Zr-89-Lumretuzumab PET Imaging before and during HER3 Antibody Lumretuzumab Treatment in Patients with Solid TumorsBensch, F., Lamberts, L. E., Smeenk, M. M., Jorritsma-Smit, A., Lub-de Hooge, M. N., Terwisscha van Scheltinga, A. G. T., de Jong, J. R., Gietema, J. A., Schröder, C. P., Thomas, M., Jacob, W., Abiraj, K., Adessi, C., Meneses-Lorente, G., James, I., Weisser, M., Brouwers, A. H. & de Vries, E. G., 15-Oct-2017, In : Clinical Cancer Research. 23, 20, p. 6128-6137 10 p.
Research output: Contribution to journal › Article › Academic › peer-review
Purpose: We evaluated biodistribution and tumor targeting of Zr-89-lumretuzumab before and during treatment with lumretuzumab, a human epidermal growth factor receptor 3 (HER3)targeting monoclonal antibody.
Experimental Design: Twenty patients with histologically confirmed HER3-expressing tumors received Zr-89-lumretuzumab and underwent positron emission tomography (PET). In part A, (89)-Zr-lumretuzumab was given with additional, escalating doses of unlabeled lumretuzumab, and scans were performed 2, 4, and 7 days after injection to determine optimal imaging conditions. In part B, patients were scanned following tracer injection before (baseline) and after a pharmacodynamic (PD)-active lumretuzumab dose for saturation analysis.
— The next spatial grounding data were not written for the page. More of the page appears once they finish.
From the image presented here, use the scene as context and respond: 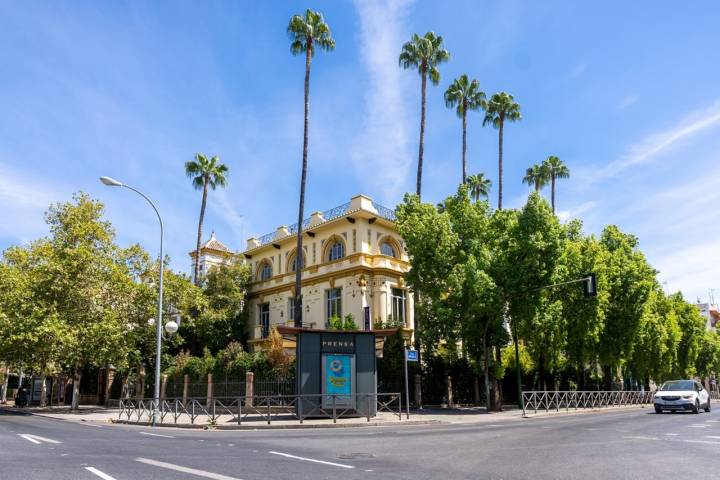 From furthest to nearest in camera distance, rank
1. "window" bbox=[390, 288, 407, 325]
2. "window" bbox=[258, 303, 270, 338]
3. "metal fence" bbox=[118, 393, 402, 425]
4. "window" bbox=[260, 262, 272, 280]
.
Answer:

HER3 expression was determined immunohistochemically in skin biopsies. Tracer uptake was calculated as standardized uptake value (SUV).
Results: Optimal PET conditions were found to be 4 and 7 days after administration of Zr-89-lumretuzumab with 100-mg unlabeled lumretuzumab. At baseline using 100-mg unlabeled lumretuzumab, the tumor SUVmax was 3.4(+/- 1.9) at 4 days after injection. SUVmean values for normal blood, liver, lung, and brain tissues were 4.9, 6.4, 0.9 and 0.2, respectively. Saturation analysis (n = 7) showed that 4 days after lumretuzumab administration, tumor uptake decreased by 11.9% (+/- 8.2), 10.0% (+/- 16.5), and 24.6% (+/- 20.9) at PD-active doses of 400, 800, and 1,600 mg, respectively, when compared with baseline. Membranous HER3 was completely downregulated in paired skin biopsies already at and above 400-mg lumretuzumab.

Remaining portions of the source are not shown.